OpenZFS Topology FAQ: What's a zpool? What's a vdev?

mercenary_sysadmin · June 29, 2023, 6:21pm

#Hi, ZFSers!

If you’re new to ZFS, you’re probably not entirely solid on how the structure of the system works. This post is here to help, complete with lovely ASCII diagrams (that don’t require loading other links, since Reddit can’t embed images without use of browser extensions).

In word form, it’s fairly simple: The top level structure is the zpool. A zpool consists of one or more vdevs. Each vdev consists of one or more disks.

Standard vdevs are where ZFS stores your files. Support vdevs (all of which are optional) may accelerate your zpool by offering pool-wide services which decrease latency and increase throughput in various ways.

ASCII art time!

Before we go any further, let’s look at that promised ASCII diagram.

—————————————————————————————————————————————————————————
|   top level: the zpool. zpools are self-contained.    |
|  A zpool contains zero or more support vdevs, which   |
|  service the entire pool as a whole, and one or more  |
|    standard vdevs, which contain the pool's data.     |
|                                                       |
| Each vdev consists of one or more disks, and can have |
| one of several topologies: single disk, n-way mirror, |
| RAIDz1/2/3 (stripe with 1, 2, or three parity blocks) |
|                                                       |
|              Support (optional) vdevs                 |
|    --------   ---------   ----------------------      |
|    ! SLOG !   ! L2ARC !   ! special allocation !      |
|    --------   ---------   ---------------------!      |
|                                                       |
|            Standard (main storage) vdevs              |
|  ————————————————————————  ------------------------   |
|  | —————— ------ ------ |  ! —————— ------ ------ !   |
|  | |disk| !disk! !disk! |  ! |disk| !disk! !disk! !   |
|  | —————— ------ ------ |  ! —————— ------ ------ !   |
|  ————————————————————————  ------------------------   |
|  ------------------------  ------------------------   |
|  ! —————— ------ ------ !  ! —————— ------ ------ !   |
|  ! |disk| !disk! !disk! !  ! |disk| !disk! !disk! !   |
|  ! —————— ------ ------ !  ! —————— ------ ------ !   |
|  ------------------------  ------------------------   |
—————————————————————————————————————————————————————————

Beautiful, right?

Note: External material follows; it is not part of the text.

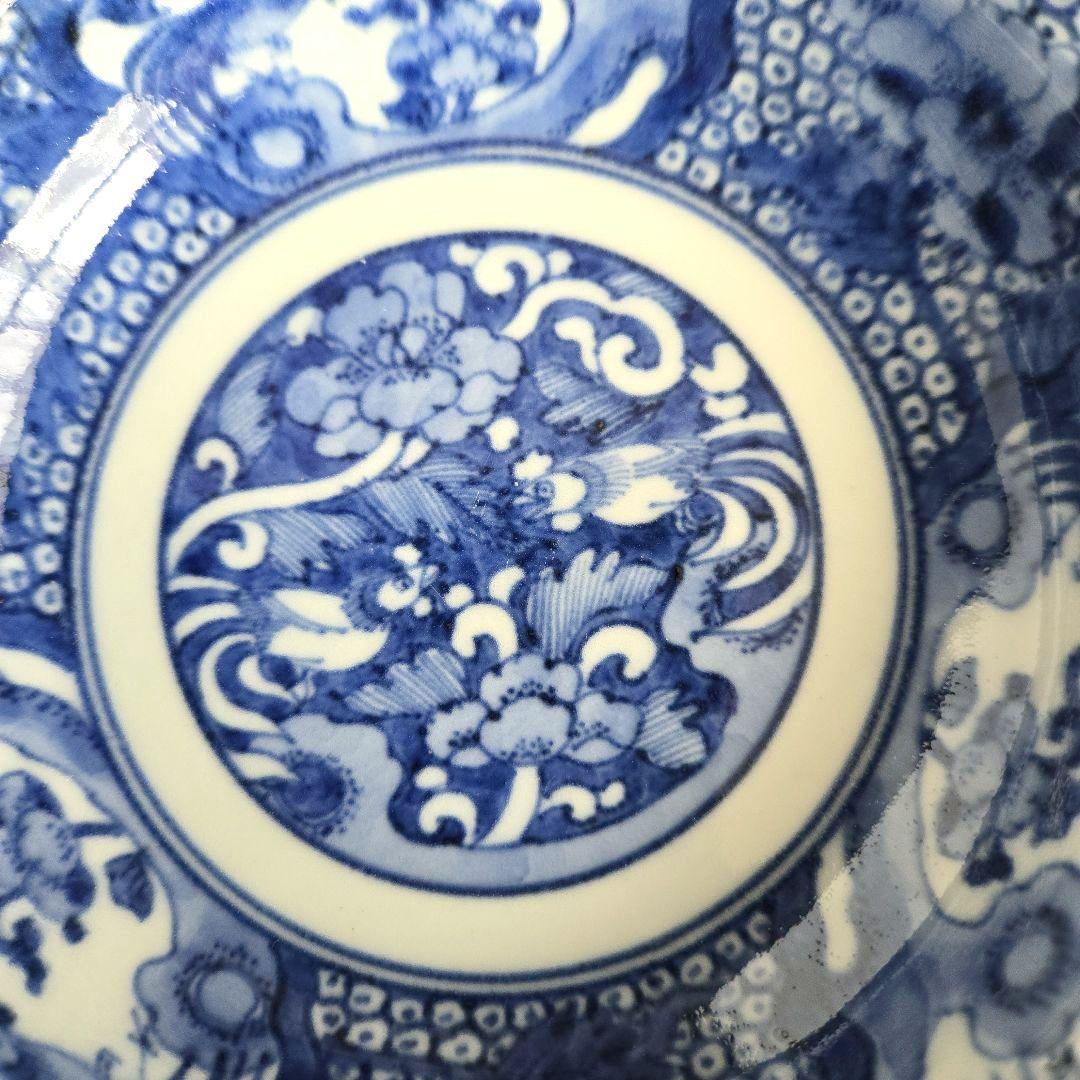 無傷　古伊万里　染付　深皿　鳳凰　江戸時代　金直し　金継ぎ　アンティーク　骨董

A box enclosed by |———| is mandatory; one enclosed by !----! is optional. So we can see the visually reinforced concepts outlined above: a pool contains at least one storage vdev, which contains at least one disk. And we might or might not have support vdevs.

Note: the diagram only shows up to three disks in each vdev and four vdevs in its pool, but that’s a visual limitation of the diagram, not an actual ZFS limitation. There are no hard limits to disks-per-vdev or vdevs-per-pool; although there are some practical limitations in real life, they’re nowhere near this small.

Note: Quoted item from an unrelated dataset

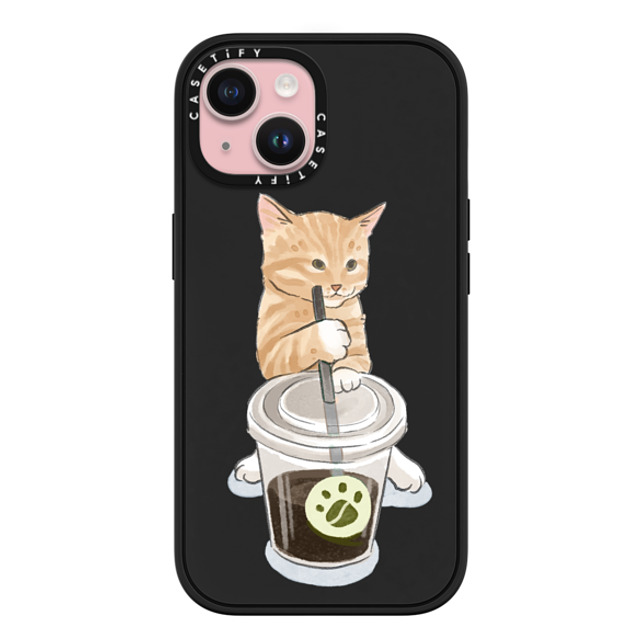 Watercatlor x CASETiFY iPhone 15 ケース マットブラック インパクトケース MagSafe対応 coffee catto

Fault tolerance: zpool level

There is no parity or redundancy at the pool level; all fault tolerance is at the vdev level. If you lose any storage vdev (or if you lose a special allocation vdev), you lose the entire pool along with it.

Let’s repeat that one more time: if you lose a vdev, you lose the whole pool! Think about that before you decide to skimp on parity or redundancy in any single vdev.

The exceptions are L2ARC and SLOG vdevs. The pool will still be functional after the loss of either L2ARC or SLOG (although if the SLOG contained data, and was lost after a system crash, the data in the SLOG will be lost).

NOTE: for the most part, writes are distributed among vdevs in proportion to the amount of free space each has available. This allows the pool to continue operating until all vdevs have become full, even when they are differently sized or unevenly balanced. There is some provision in newer ZFS versions for writing preferentially to lower-latency vdevs in some cases, but it should not be relied upon to materially alter the general write distribution behavior.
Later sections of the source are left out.